私が小松原を退職、公立中学校の教師も辞め彫刻の修行を終え独立した年、
森さんは私の力になりたい、と卒業記念に私の彫刻を学校で採用して頂くように校
長先生に懸命に頼み込み、尽力をしてくださいました。
そしてふくろう会の幹事長になっていただき、以来さまざまなイベントをとりおこなって
まいりましたが、ふくろう会は佐藤賢太郎のこの指とまれの会であると音頭を取ってきて
くださいました。
森さんが「いいね」と乗ってくれるその一言で勇気が湧いてここまでやってきました。
長い間支えて頂いていることに感謝しております。
今また大きく変化するふくろう会にあって、その節目に幹事長とふくろう会の皆さんに
確認したく対談をもちました。
ふくろう会の立ち上がり
佐藤 ほんとに長い付き合いですね。お互いに独身のときからでした。それぞれ出世コー
スとは縁のないアウトローとして小松原高校での出合いからでした。
森 佐藤さんとの長い付き合いは、私の人生において大変重要な位置を占めていま
す。恐らく妻の次ぐらいに思っています。私にないものを佐藤さんの中に見い出して、佐
藤さんと正面から向き合ってきたので今の私がいると思っています。
佐藤 お世話になった職員浜田清一さんの退職記念に一杯会をもちました。
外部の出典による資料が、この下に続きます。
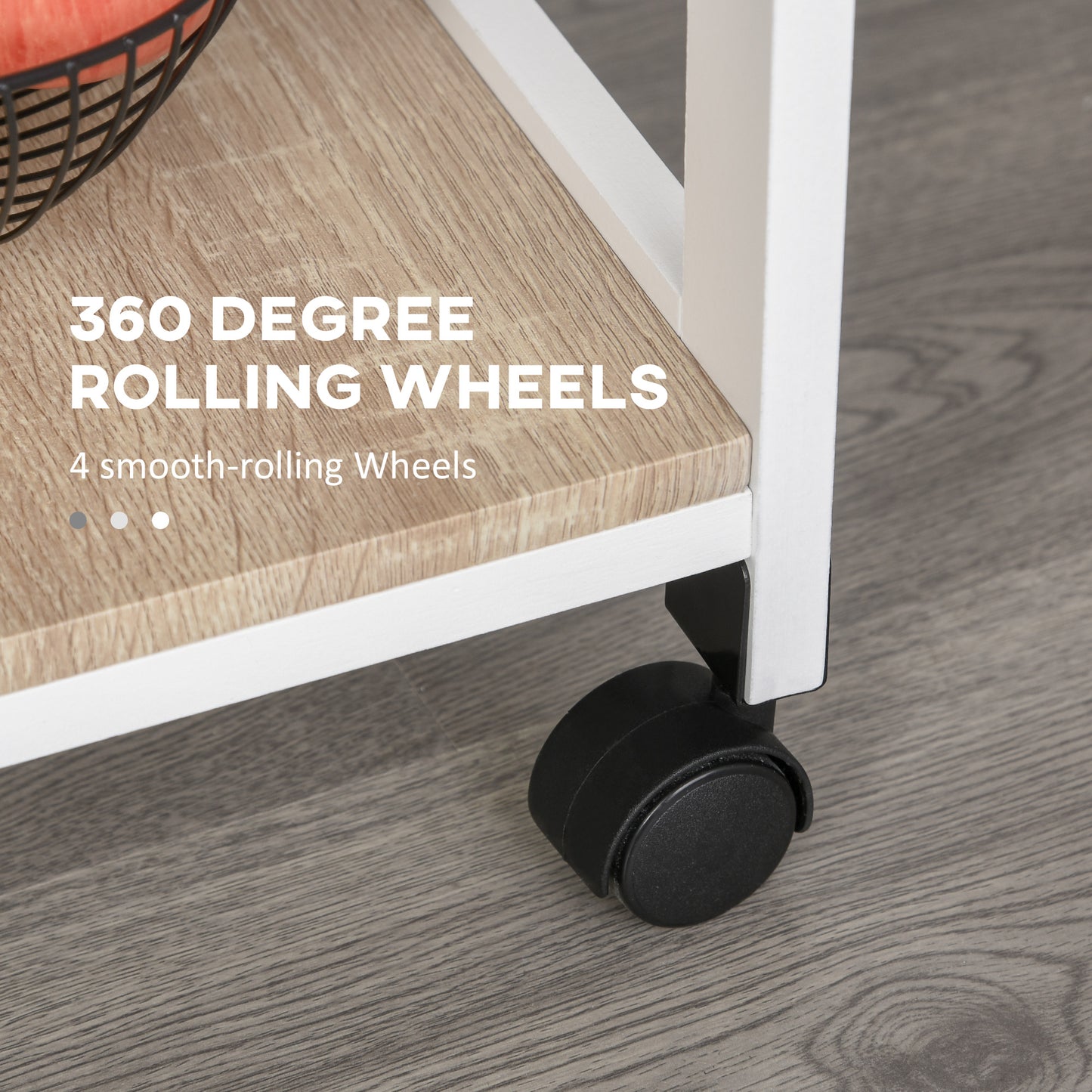 White rolling cart with a woodgrain shelf and  degree black caster wheels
そのと
き、今後、佐藤賢太郎を囲んで飲む会を「ふくろう会」と名づけました。
その後、年一度公募展二紀会に出品し、私の作品を見ていただき、帰りに上野で
励ます会を開いていただきました。それが今日のふくろう会になるとは考えもしませんでし
たね。仲間も職員だけでした。なにせ、その日暮らしの私で、作家として続けられるか不
安な日々でした。その席で「頑張れ」と金一封をくださいましたね。懐かしいです。
森 ホント、あの頃が懐かしいですね。佐藤さんが小松原高校を辞める時の飲み会で、
私に言いましたよね。「森さん、ラグビーのタックルと同じようにここぞと思った時は“飛ぶん
だ”」と。そんな“飛んだ”佐藤さんを応援して私たちはよく飲み会を持ちましたよね。私た
ちには出来ない生き方をしている佐藤さんをなんとか応援をしようと。佐藤さんを応援す
ることで、私たちの夢を託していたように思います。
自分達が創る夢実現
佐藤 森さん、生涯夢を追って生きて行きたいですね。前回、自分で創る自分の人
生と言いました。私のようなものが彫刻家になりたいと言うのは不可能に近いと思われて
いました。それが実現しました。
更に今夢舞台と名づけ、感動ある人間交流、本物を見つめる、参加した一人一
人が生き生きと輝く、そんな夢のような舞台を自分達が作り、実現したい。人生54
年の総結集として人の和によって作られる共同作品です。キャンバスに絵を描くことに喩
えますと、建物つまり下地は出来つつあります。今度は絵の具を筆で塗るところです。
いろんな色の絵の具がないと奥の深い色が出ません。彫刻作品を作るより難しいかもし
れません。新たな難しさに向かっています。先ず下地では何が素晴らしいと感じていますか。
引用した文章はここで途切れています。